Qu’il s’agisse de créer et entretenir des chenaux de navigation et des ports, ou bien de réaliser des opérations de remblaiement sur les plages, les maitres d’œuvre font régulièrement appel à des entreprises de dragage. Ces dernières facturent leurs services aux volumes qui sont extraits. D’où l’importance de faire contrôler ces quantités par un prestataire extérieur à l’entreprise qui réalise les travaux.
Cette évidence déontologique masque des enjeux et parfois des problèmes financiers qu’il est bon de rappeler.
Le coût de travaux de dragage varie selon beaucoup de paramètres : l’ampleur du projet, les frais de mobilisation des moyens sur le site, la profondeur de travail, la nature des sédiments ou la dureté des sols, les contraintes environnementales, la distance à franchir pour de la zone de dépôt, etc…
Si, pour les besoins de la démonstration, l’on considère un projet de dragage quelconque, qui consisterait à passer d’une cote de -10m à -12m LAT sur une superficie de 25 hectares de matériau modérément dur (UCS = 20 Mpa).
Cela représenterait environ un volume de 500.000m3 de matériaux à extraire. Pour un prix entre 15 et 25 euros du mètre cube, cela représenterait un projet d’environ 10 Millions d’Euros et, admettons, un mois de chantier.

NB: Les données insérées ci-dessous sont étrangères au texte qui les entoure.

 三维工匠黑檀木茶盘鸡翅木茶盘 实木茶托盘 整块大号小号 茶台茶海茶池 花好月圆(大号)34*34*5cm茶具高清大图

Parallèlement, la mission de l’hydrographe se décompose en trois étapes. Le relevé bathymétrique « IN SURVEY » au sondeur multifaisceaux pour l’estimation des volumes avant le démarrage, le « CONTRÔLE CONTINU » pendant, et enfin le « OUT SURVEY » après travaux, qui permet de confirmer les objectifs, et ajuster éventuellement les volumes payables à l’entrepreneur.
Au cours de ces trois étapes, l’hydrographe est le garant de la réalité des travaux et de la juste rémunération de l’entrepreneur. Il a la responsabilité de contrôler :
1. Le respect du périmètre de la zone d’emprunt (dragage) et parfois de la zone de clapage (dépôt).
2. La gestion des sousprofondeurs de dragage, autrement dit les zones insuffisamment draguées car à une cote supérieure à la côte objectif, et pour lesquelles il est demandé à l’entreprise de les reprendre sans compensation financière.
3. La gestion des surprofondeurs de dragage, autrement dit les zones draguées à une côte inférieure à la cote objectif, et qui ne sont pas prises en compte dans le calcul des volumes extraits ouvrant droit à rémunération.
Le survey bathymétrique qui accompagne un projet d’environ 1 mois de dragage a un coût moyen qu’on estimera à 100.000 Euros. Au regard d’un projet de 10 Millions d’Euros, le coût de cette prestation représente donc environ 1% du coût total.
A ces frais il faut ajouter la rédaction des spécifications techniques des appels d’offres pour consulter les différentes entreprises de dragage, et qui sont préparés très en amont des travaux. Pour ce faire, les maitres d’œuvres doivent réaliser un état des lieux, qui en plus de la bathymétrie permettant de calculer les volumes à extraire, doit parfois inclure des investigations géotechniques, des échantillonnages et des mesures sur site pour les Études d’Impact Environnemental et Social.
Naturellement les exigences des projets sont toujours différentes. Mais pour un dragage d’entretien par exemple, le coût de ces prestations préliminaires n’excède généralement pas 50.000 Euros.
On comprend donc que notre travail est essentiel pour une gestion impartiale des projets de dragage, et toutes proportions gardées il représente une charge financière raisonnable.
Cependant, les opérateurs portuaires ou les administrations se heurtent parfois au problème de financement de 1% de la mission de contrôle, qui n’est pas budgétisée indépendamment des 99% que représentent les travaux de dragage.
Et donc, hélas, on observe encore des situations où la responsabilité de la mission de contrôle est déléguée à l’entrepreneur qui réalise les travaux de dragage. Non pas toujours par manque de rigueur déontologique, mais plus souvent parce que les mécanismes de financement du projet ne laissent pas d’autre possibilité au Maitre d’Œuvre.
Pour espérer voir les choses évoluer il ne nous reste alors que la pédagogie, la patience, et les blogs.